**What you are asked to do**: Every line in the records below between the one holding "Audi Q3 2.0 TDI 150 CV Business Euro 6B" and the one holding "Rühreier mit Speck", inclusive, is to be set down exactly; all other lines are to be left out.

**Entries provided**:
====

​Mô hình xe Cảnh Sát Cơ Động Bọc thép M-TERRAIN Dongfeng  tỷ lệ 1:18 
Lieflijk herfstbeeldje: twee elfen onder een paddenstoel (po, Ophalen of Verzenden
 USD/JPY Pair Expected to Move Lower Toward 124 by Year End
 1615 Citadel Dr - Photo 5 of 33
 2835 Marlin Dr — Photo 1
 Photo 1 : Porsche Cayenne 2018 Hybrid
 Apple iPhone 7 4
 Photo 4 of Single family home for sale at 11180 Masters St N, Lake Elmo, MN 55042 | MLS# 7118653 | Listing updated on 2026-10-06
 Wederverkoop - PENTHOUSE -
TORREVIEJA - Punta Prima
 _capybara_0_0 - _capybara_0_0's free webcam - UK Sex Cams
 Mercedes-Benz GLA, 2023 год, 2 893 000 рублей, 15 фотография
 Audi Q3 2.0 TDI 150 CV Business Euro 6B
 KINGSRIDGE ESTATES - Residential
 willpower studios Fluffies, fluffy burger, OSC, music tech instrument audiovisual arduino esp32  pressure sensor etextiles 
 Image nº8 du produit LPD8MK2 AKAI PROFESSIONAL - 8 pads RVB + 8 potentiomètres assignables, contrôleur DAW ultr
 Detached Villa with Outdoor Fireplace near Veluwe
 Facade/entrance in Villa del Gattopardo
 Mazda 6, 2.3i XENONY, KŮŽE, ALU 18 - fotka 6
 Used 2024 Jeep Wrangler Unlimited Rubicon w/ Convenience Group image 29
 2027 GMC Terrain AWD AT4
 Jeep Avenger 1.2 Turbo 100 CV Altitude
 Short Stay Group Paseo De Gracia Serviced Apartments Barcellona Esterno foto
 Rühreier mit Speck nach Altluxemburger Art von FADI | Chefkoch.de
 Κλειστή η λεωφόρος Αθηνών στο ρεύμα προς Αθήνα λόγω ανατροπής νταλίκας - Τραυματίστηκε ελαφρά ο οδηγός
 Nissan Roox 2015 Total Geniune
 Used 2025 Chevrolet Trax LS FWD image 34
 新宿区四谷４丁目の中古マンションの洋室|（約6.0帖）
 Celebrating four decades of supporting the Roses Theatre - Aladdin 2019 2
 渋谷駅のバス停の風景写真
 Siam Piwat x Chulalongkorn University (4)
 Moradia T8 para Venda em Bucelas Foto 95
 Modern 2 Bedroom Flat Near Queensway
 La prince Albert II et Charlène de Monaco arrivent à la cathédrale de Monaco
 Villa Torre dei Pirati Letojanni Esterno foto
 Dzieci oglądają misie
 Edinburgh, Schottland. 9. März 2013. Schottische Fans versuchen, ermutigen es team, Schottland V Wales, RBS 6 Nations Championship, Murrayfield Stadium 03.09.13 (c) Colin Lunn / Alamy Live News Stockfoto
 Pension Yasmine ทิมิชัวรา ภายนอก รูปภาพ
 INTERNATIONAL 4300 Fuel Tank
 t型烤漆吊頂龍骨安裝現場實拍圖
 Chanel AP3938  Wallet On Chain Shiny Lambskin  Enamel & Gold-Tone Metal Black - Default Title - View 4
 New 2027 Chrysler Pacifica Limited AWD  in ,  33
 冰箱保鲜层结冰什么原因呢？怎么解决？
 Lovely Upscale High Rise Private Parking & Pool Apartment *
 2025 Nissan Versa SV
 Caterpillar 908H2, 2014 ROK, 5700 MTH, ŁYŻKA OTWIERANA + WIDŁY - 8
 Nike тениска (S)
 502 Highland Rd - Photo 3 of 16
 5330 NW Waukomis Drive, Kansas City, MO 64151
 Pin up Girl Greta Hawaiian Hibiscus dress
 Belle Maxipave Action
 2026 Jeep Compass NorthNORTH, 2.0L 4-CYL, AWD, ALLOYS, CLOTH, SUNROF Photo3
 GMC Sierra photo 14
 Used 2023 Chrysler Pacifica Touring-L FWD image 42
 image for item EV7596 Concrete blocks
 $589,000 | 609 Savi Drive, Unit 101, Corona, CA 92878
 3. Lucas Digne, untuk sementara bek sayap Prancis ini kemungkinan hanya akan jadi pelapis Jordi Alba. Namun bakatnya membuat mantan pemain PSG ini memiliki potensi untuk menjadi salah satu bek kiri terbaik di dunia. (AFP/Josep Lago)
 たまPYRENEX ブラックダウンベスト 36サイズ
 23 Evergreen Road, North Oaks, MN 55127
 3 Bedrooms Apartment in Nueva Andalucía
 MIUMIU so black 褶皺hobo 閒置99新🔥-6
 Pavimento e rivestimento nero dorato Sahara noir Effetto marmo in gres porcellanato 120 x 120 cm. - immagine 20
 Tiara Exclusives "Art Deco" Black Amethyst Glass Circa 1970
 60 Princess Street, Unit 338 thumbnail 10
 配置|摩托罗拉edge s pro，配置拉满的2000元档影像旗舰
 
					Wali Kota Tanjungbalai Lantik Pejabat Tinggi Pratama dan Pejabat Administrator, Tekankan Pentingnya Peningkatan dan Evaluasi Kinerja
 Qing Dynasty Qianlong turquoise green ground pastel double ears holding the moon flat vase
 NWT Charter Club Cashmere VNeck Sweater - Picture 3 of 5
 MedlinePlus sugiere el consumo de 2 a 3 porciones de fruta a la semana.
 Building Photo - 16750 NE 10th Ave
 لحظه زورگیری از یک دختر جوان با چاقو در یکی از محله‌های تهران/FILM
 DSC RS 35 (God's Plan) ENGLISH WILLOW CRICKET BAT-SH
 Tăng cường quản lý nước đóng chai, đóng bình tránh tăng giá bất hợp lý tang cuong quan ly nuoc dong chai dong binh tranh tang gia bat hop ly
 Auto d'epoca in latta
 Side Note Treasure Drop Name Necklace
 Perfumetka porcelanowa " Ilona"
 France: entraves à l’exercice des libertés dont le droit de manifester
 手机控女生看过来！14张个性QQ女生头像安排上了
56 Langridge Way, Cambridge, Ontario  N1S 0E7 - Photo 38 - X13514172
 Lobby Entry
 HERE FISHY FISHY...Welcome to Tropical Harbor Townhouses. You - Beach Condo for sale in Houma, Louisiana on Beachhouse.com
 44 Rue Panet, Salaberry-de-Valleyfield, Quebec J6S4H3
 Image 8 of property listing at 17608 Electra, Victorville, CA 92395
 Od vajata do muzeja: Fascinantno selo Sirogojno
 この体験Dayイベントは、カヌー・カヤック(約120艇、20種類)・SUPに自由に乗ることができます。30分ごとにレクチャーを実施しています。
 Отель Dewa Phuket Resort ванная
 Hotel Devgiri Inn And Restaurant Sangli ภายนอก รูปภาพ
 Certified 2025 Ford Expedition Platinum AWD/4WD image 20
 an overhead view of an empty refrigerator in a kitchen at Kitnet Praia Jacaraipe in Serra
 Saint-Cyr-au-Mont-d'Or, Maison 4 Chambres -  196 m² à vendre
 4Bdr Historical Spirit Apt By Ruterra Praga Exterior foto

====

**Answer for the task**:
 Audi Q3 2.0 TDI 150 CV Business Euro 6B
 KINGSRIDGE ESTATES - Residential
 willpower studios Fluffies, fluffy burger, OSC, music tech instrument audiovisual arduino esp32  pressure sensor etextiles 
 Image nº8 du produit LPD8MK2 AKAI PROFESSIONAL - 8 pads RVB + 8 potentiomètres assignables, contrôleur DAW ultr
 Detached Villa with Outdoor Fireplace near Veluwe
 Facade/entrance in Villa del Gattopardo
 Mazda 6, 2.3i XENONY, KŮŽE, ALU 18 - fotka 6
 Used 2024 Jeep Wrangler Unlimited Rubicon w/ Convenience Group image 29
 2027 GMC Terrain AWD AT4
 Jeep Avenger 1.2 Turbo 100 CV Altitude
 Short Stay Group Paseo De Gracia Serviced Apartments Barcellona Esterno foto
 Rühreier mit Speck nach Altluxemburger Art von FADI | Chefkoch.de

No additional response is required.